Exercise aim -
Among the entries below, find the line with "Cárie Dentária: Causas, Diagnóstico", then quote it and each following line up to and including the line with "Anti-GPR87 antibody produced in rabbit", and nothing else.

Available data -
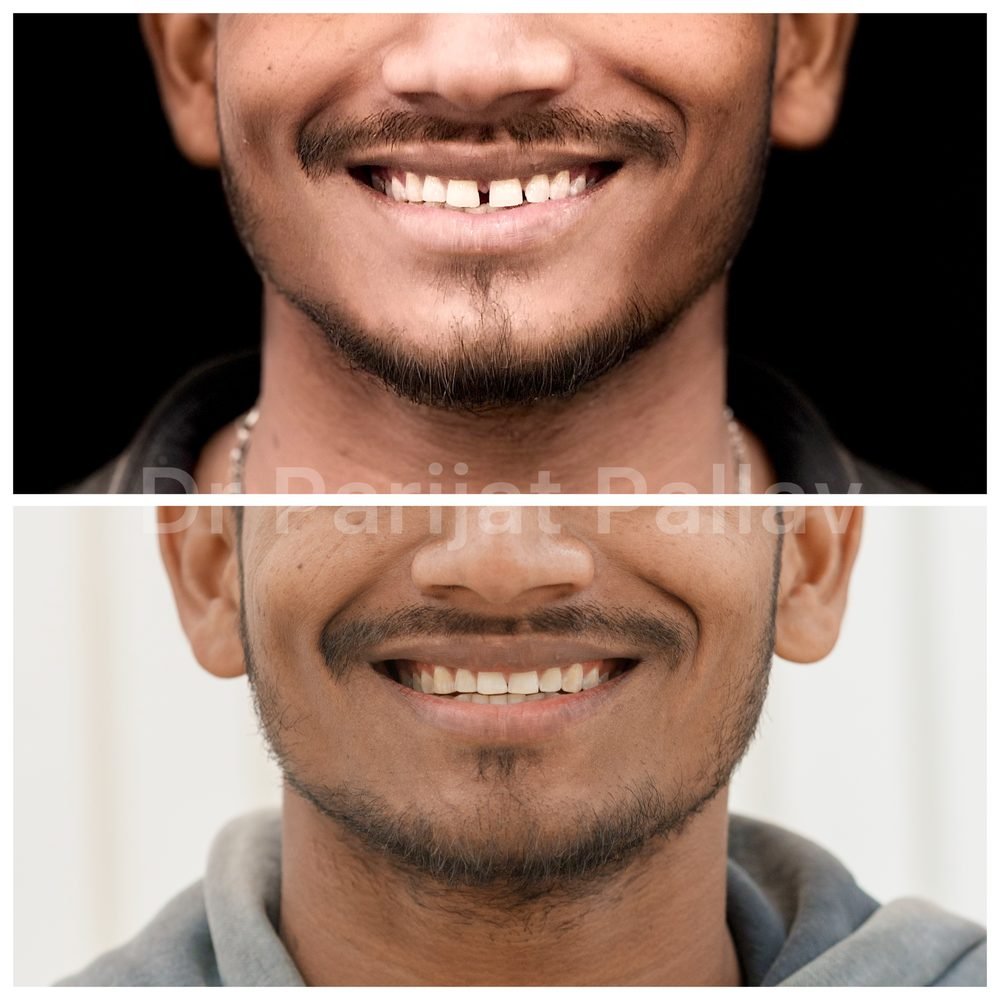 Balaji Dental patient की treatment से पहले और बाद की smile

==

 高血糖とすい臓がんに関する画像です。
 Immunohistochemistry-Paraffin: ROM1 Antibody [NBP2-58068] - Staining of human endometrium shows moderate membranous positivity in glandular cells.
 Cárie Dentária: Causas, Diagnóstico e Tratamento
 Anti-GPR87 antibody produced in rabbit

Expected output -
 Cárie Dentária: Causas, Diagnóstico e Tratamento
 Anti-GPR87 antibody produced in rabbit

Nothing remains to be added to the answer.